Lilypie First Birthday tickers

Sunday, February 20, 2011

I am Still Here

I am still alive and well. My new phone will not let me post or comment from it! I am going to see if there is a blogger app or anything I can do to rectify this because I need to be able to comment!

Cleaning job is awesome, but I am leaving it. Why? The preschool/daycare, put me in the toddler room and watched how I interacted with the crazy kids and they loved it. So, they want me fulltime. I would make more money cleaning, but who can turn down toddlers?

That is actually what Gee said when I called him. I said "Honey, what should I do?" and he said "Well, I would love to tell you to go with the money, but I know you cannot walk away from toddlers. Eighteen to Twenty-Four months is your favorite age and they are offering you exactly what you want." He knows me well.

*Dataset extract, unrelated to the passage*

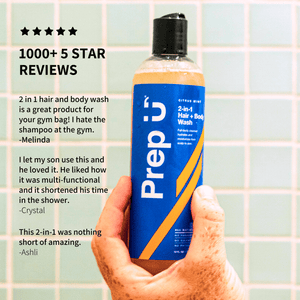 Hand holding a bottle of Prep U 2-in-1 hair and body wash with customer reviews on a tiled bathroom wall background.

Last night I went bowling with my family and invited my favorite employee, lets call her ASIL, for almost-sister-in-law, since she is my sister's fiance's sister. It is a stretch, but I love her so much I will adopt her into the family. She informed me that my replacement, has left the building. She said one of my consumers chased her out of the building screaming that he wanted me. She put in her 2 weeks within minutes. She didnt even make it out of training. Then after bowling, ASIL went to buy a pregnancy test.
Did I say how i was mentally able to count days for a broken condom incident for a friend, and determined that on day 20 of her cycle, she wouldnt be pregnant? And it only took me a minute? Well, she was 3 days late today, and tested.

I informed her last night that if it were positive, and her I-dont-want-babies-until-I-am-thirtysomething-self got pregnant, I would cry like a freaking baby. She said she would cry too. We laughed it off and thought nothing of it.

This is the text I woke up to:

:'(

I sent:
NOOOOOOOOOOOOO!

She sent: I am losing my mind.

I sent: Me too!

And then I realized she had no one besides her boyfriend and needed a big sisterly or motherly approach and I went into high gear. I went prenatal shopping, gave her my bottle of folic acid, set her up with "What to expect" and a babydotcom account, and opened her developmental disability book and showed her how a fetus develops and how the drink I gave her on day 22 of her cycle will probably not cause long term issues. Then we made a plan, who to tell and when. I helped her make a list of doctors to call (Her mother died when she was 11 and she has had alot of on again off again depression since then) and medicine not to take until she gets the okay from her doctor. Then I got her excited. I talked about how much she loves children, how this is an adventure and she has been given such a wonderful gift and opportunity. I even said how her mother is probably looking down and is so happy for this blessing. Then I hugged my friend and left her.


AND I:


:'(

Cried


But I will make the best of this. I am now the only person in my close group of friends who is not pregnant. Or has a child already. This includes my infertile friends.

I feel lost and alone in this big cruel world. Gee has been taking this cycle very seriously. He has been coming home, getting some food, and having sex with my sleeping body. Yep, because I have to be up at 8 am when I work and the every other day has fallen on my days off. So, sleep sex! It sucks, and I feel bad, but it isnt about feeling good dammit it is about pumping babies!

I noticed, right after Gee left for work Friday night, that I had cervical mucous! It was stretchy. And thick. I had some minor cramps that day but I thought it was sore muscles from working so hard. Then I did some math, realized it was day 12, and called George. He was due to have sexual relations with me Saturday morning anyway, but now he knew to hurry and push in all the way. So, he did. Lets hope it works. I am taking evening primrose, black cohosh, dong quoi, and mucinex. No clomid. I forgot about it in my effort to go all herbal.

Anywho, I have to get Gee up for work.